This article at the New York Times made me laugh quite a bit this morning:
LAST fall, David A. Green was looking forward to his new job at a Manhattan real estate brokerage. Finally, he would be able to shed the e-mail confusion that plagued him because of the two other David Greens at his company.
No such luck. At his new company, Cushman & Wakefield, there was yet another David Green. And that Mr. Green already held the coveted e-mail name David_Green, following the company's convention for e-mail addresses.
At his old company, CB Richard Ellis, he had been, reluctantly, David.A.Green. Now he became David_A_Green. Hundreds of his e-mail messages went to the wrong David Green.
"I would have been better off being at his desk than at mine," said David A. Green, noting that the original, initial-free David Green is "most gracious about sending me the volumes of e-mails that go to him." [via New York Times: Technology]

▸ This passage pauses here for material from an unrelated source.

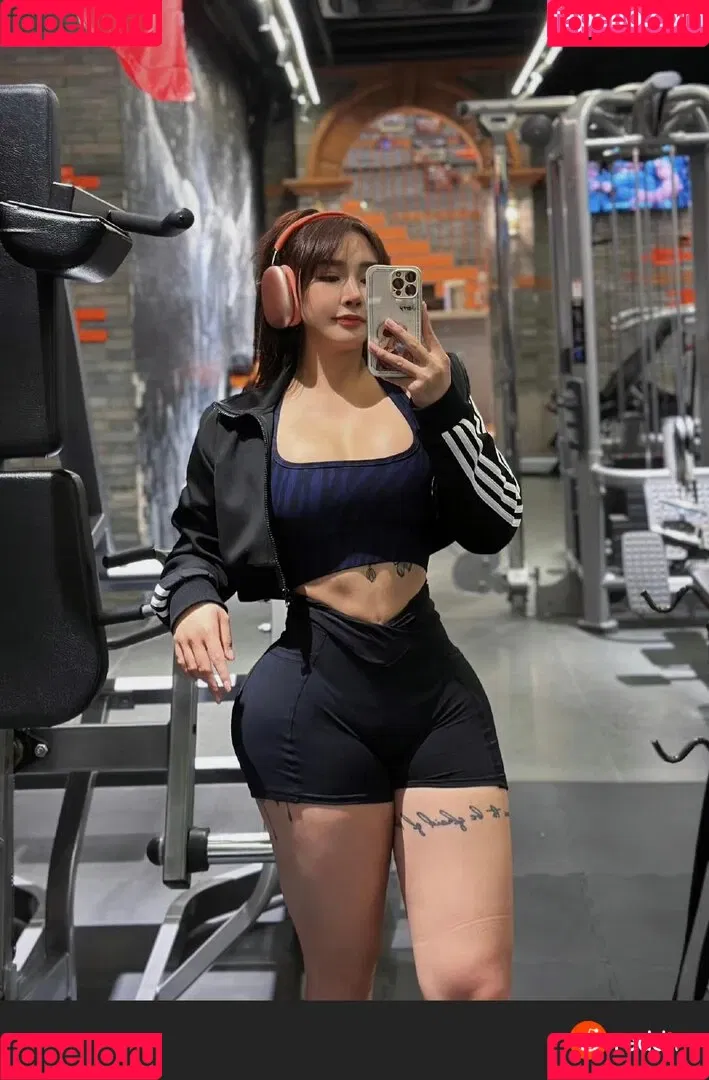 Hitomi Songyuxin Onlyfans Photo Gallery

So why did I find this amusing? This isn't a new topic. The sendmail FAQ has had a question on this forever (or at least since 1997). It still amazes me that people don't think that this might be a problem. When I was in college pretty much everyone had four character email addresses in the format (first initial)(second initial)(random alphanumeric)(random alphanumeric). Mine was gb1d. I can still remember pretty much all my friend's addresses from then too. It also helps to keep out people just spamming by sending emails to any old firstname_lastname address.